Data listing below:

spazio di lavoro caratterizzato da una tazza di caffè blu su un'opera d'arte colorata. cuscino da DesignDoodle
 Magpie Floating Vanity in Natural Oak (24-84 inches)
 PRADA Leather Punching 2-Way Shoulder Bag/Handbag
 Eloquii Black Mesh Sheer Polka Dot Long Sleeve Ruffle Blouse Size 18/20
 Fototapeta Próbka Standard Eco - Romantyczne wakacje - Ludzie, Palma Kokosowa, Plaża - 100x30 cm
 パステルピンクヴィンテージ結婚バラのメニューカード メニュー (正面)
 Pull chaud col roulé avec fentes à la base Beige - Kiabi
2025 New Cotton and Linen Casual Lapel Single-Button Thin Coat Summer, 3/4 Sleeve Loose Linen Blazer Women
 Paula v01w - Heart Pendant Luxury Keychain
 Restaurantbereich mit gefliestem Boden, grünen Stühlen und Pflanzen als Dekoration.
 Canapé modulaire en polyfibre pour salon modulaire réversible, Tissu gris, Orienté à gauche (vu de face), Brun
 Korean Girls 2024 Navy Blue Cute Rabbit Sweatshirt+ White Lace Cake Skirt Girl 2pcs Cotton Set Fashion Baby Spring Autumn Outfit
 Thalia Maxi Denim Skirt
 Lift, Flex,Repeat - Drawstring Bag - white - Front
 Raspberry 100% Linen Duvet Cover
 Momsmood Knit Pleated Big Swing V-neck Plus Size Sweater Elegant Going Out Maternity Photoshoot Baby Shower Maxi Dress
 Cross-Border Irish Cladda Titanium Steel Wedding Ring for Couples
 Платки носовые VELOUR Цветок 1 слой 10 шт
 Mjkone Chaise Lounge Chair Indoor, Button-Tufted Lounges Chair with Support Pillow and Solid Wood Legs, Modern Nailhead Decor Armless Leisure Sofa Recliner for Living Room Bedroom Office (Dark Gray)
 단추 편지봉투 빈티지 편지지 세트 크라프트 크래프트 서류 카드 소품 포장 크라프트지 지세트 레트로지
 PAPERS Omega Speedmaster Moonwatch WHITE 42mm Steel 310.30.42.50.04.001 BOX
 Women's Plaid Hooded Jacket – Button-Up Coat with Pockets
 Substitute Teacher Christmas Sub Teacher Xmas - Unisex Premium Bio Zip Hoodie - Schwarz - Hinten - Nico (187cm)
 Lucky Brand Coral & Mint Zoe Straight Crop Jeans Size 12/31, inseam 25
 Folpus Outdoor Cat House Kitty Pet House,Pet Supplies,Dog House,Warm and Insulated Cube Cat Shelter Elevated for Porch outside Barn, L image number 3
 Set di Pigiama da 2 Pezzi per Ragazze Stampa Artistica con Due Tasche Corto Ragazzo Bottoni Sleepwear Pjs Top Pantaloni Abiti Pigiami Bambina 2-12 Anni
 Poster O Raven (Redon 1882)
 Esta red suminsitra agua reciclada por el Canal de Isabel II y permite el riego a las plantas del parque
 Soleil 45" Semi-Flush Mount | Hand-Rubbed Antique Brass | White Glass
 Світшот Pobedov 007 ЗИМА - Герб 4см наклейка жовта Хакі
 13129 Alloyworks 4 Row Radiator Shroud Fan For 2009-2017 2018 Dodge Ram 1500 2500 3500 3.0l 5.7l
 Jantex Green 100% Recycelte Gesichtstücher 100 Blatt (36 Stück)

End of Data listing.

Try it | Exactly as written above, please repeat the entries.

Written answer |
spazio di lavoro caratterizzato da una tazza di caffè blu su un'opera d'arte colorata. cuscino da DesignDoodle
 Magpie Floating Vanity in Natural Oak (24-84 inches)
 PRADA Leather Punching 2-Way Shoulder Bag/Handbag
 Eloquii Black Mesh Sheer Polka Dot Long Sleeve Ruffle Blouse Size 18/20
 Fototapeta Próbka Standard Eco - Romantyczne wakacje - Ludzie, Palma Kokosowa, Plaża - 100x30 cm
 パステルピンクヴィンテージ結婚バラのメニューカード メニュー (正面)
 Pull chaud col roulé avec fentes à la base Beige - Kiabi
2025 New Cotton and Linen Casual Lapel Single-Button Thin Coat Summer, 3/4 Sleeve Loose Linen Blazer Women
 Paula v01w - Heart Pendant Luxury Keychain
 Restaurantbereich mit gefliestem Boden, grünen Stühlen und Pflanzen als Dekoration.
 Canapé modulaire en polyfibre pour salon modulaire réversible, Tissu gris, Orienté à gauche (vu de face), Brun
 Korean Girls 2024 Navy Blue Cute Rabbit Sweatshirt+ White Lace Cake Skirt Girl 2pcs Cotton Set Fashion Baby Spring Autumn Outfit
 Thalia Maxi Denim Skirt
 Lift, Flex,Repeat - Drawstring Bag - white - Front
 Raspberry 100% Linen Duvet Cover
 Momsmood Knit Pleated Big Swing V-neck Plus Size Sweater Elegant Going Out Maternity Photoshoot Baby Shower Maxi Dress
 Cross-Border Irish Cladda Titanium Steel Wedding Ring for Couples
 Платки носовые VELOUR Цветок 1 слой 10 шт
 Mjkone Chaise Lounge Chair Indoor, Button-Tufted Lounges Chair with Support Pillow and Solid Wood Legs, Modern Nailhead Decor Armless Leisure Sofa Recliner for Living Room Bedroom Office (Dark Gray)
 단추 편지봉투 빈티지 편지지 세트 크라프트 크래프트 서류 카드 소품 포장 크라프트지 지세트 레트로지
 PAPERS Omega Speedmaster Moonwatch WHITE 42mm Steel 310.30.42.50.04.001 BOX
 Women's Plaid Hooded Jacket – Button-Up Coat with Pockets
 Substitute Teacher Christmas Sub Teacher Xmas - Unisex Premium Bio Zip Hoodie - Schwarz - Hinten - Nico (187cm)
 Lucky Brand Coral & Mint Zoe Straight Crop Jeans Size 12/31, inseam 25
 Folpus Outdoor Cat House Kitty Pet House,Pet Supplies,Dog House,Warm and Insulated Cube Cat Shelter Elevated for Porch outside Barn, L image number 3
 Set di Pigiama da 2 Pezzi per Ragazze Stampa Artistica con Due Tasche Corto Ragazzo Bottoni Sleepwear Pjs Top Pantaloni Abiti Pigiami Bambina 2-12 Anni
 Poster O Raven (Redon 1882)
 Esta red suminsitra agua reciclada por el Canal de Isabel II y permite el riego a las plantas del parque
 Soleil 45" Semi-Flush Mount | Hand-Rubbed Antique Brass | White Glass
 Світшот Pobedov 007 ЗИМА - Герб 4см наклейка жовта Хакі
 13129 Alloyworks 4 Row Radiator Shroud Fan For 2009-2017 2018 Dodge Ram 1500 2500 3500 3.0l 5.7l
 Jantex Green 100% Recycelte Gesichtstücher 100 Blatt (36 Stück)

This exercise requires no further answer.